Крайне важный модус, в котором с необходимостью должна быть рассмотрена стратегия провокации — это модус поворота искусства к партиципативным формам, осуществленным еще авангардистами. Борис Гройс в статье «Генеалогия партиципативного искусства»[7] указывает на то, что история борьбы искусства за признание и поддержание собственной автономии — это история механизма сакрализации культурной сферы. Различные утопические проекты, в основе которых лежит идея единения с публикой, направлены именно на такую сакрализацию. Эссенцией их предстает вагнеровский Gesamtkunstwerk.
Принципиальным для политической интерпретации является то, что интерактивные формы искусства сами по себе отнюдь не обладают критико-политическим потенциалом в марксистском понимании, зачастую лишь подтверждая автономный и сакральный статус искусства. Провокация и скандал, в таком случае, представляют собой форму коммунального произведения, а вовлечение публики в процесс творения, слияние искусства и жизни воспроизводят архаичную модель сакрализации как механизма поддержания жизнеспособности ритуала. Отказ от индивидуальности и растворение ее в коллективности не отменяют статуса культурного героя, но соответствуют ритуальной жертве, поддерживающей жизнь коллективного тела[8].
Александр Бренер, главный идеолог провокации в московском акционизме, изложил суть провокации как политической стратегии в многочисленных текстах и не раз осуществил ее на практике в рамках выставок, биеннале, презентаций и других форм институционального существования искусства в Европе и в России. С политической точки зрения, радикальные провокационные акции имеют значение все той же критики культурной позиции художника и искусства в целом.

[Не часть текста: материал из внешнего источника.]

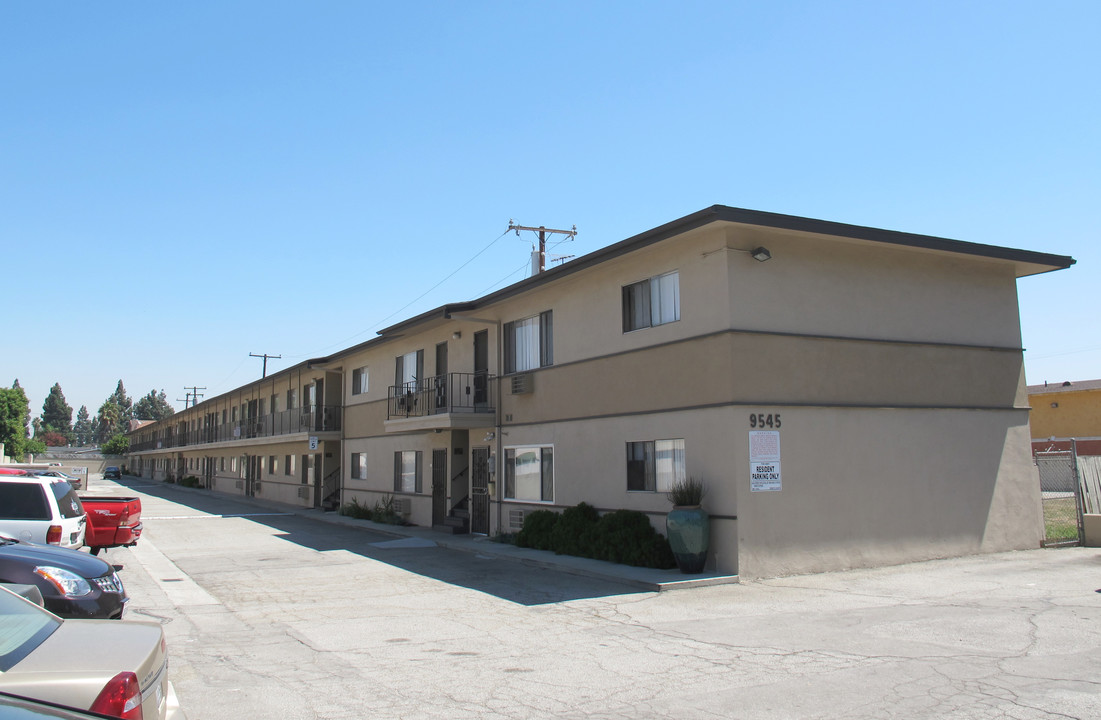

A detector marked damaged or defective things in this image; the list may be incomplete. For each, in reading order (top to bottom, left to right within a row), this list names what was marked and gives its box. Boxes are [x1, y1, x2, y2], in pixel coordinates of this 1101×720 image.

cracked asphalt parking lot [105, 480, 1101, 716] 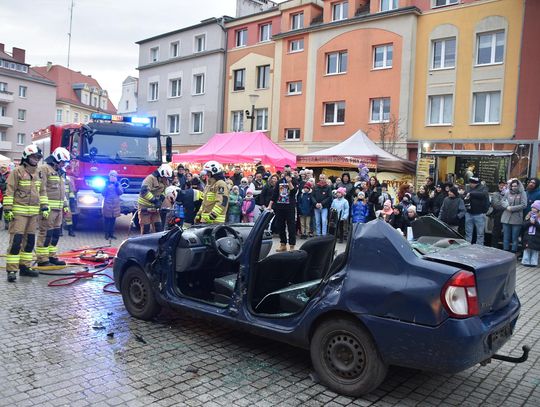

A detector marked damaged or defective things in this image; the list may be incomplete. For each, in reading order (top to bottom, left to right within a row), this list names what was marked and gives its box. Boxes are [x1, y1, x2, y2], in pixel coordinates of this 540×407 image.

demolished blue car [113, 212, 528, 396] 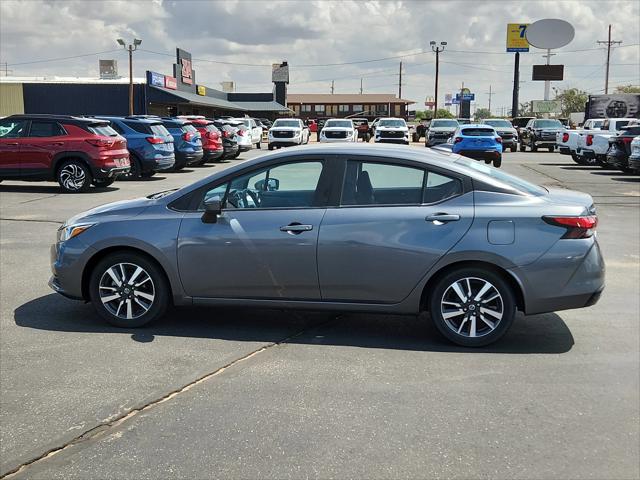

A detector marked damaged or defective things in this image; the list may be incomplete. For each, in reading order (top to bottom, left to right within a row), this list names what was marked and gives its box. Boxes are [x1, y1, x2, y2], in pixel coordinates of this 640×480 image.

cracked pavement [1, 150, 640, 480] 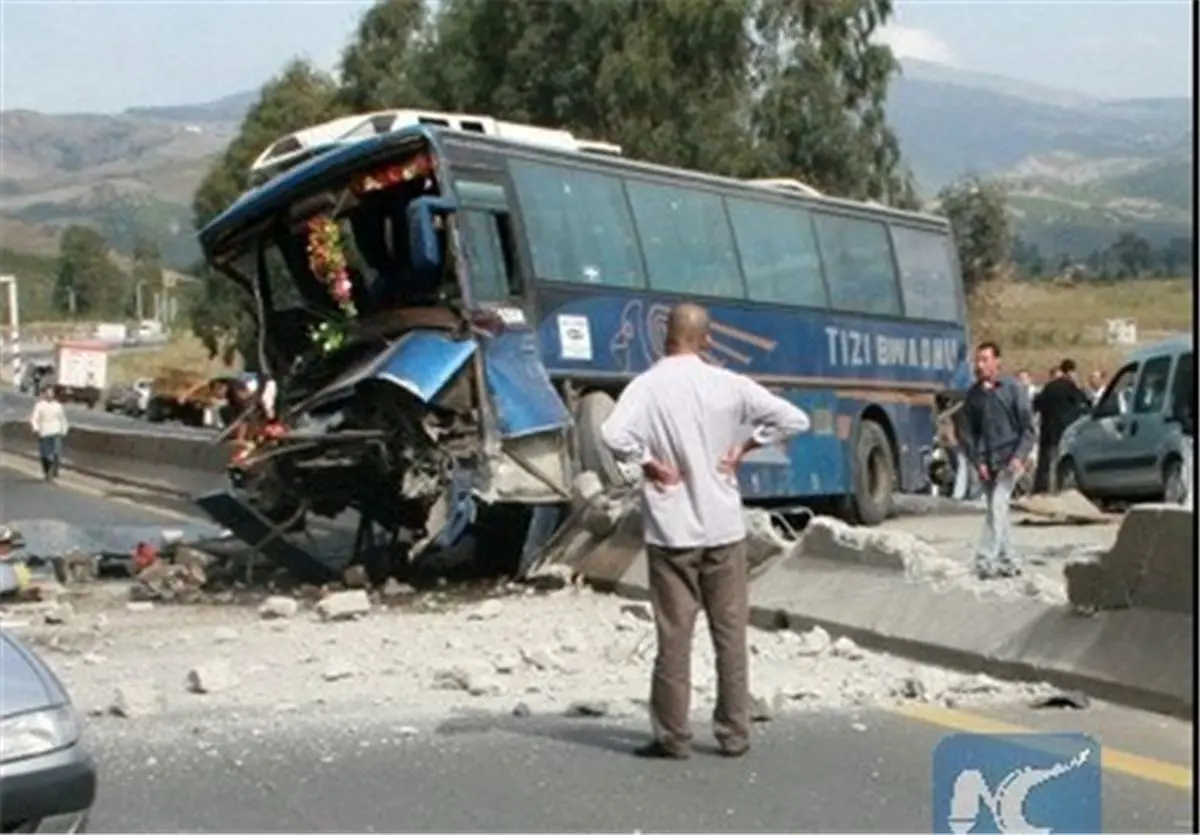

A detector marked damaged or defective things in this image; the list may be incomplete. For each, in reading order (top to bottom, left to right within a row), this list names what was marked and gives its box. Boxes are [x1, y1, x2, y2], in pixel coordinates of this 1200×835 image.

Одной из самых шумных провокаций московских акционистов стала акция на выставке в Стокгольме в рамках интернационального проекта Interpol (1996). Здесь критика аффирмативной функции культуры реализовалась через актуализацию и критику утопических амбиций культуры, налагающей на художника функцию проводника образов социального благополучия. Вслед за Филиппом Арспрунгом и его оригинальной интерпретацией акции венских акционистов «Искусство и революция»[9], в отношении московских акционистов можно утверждать, что значение их провокационных акций состоит не в расширении и развитии художественных форм, а в демонстрации «тщетности утопических стремлений искусства»[10].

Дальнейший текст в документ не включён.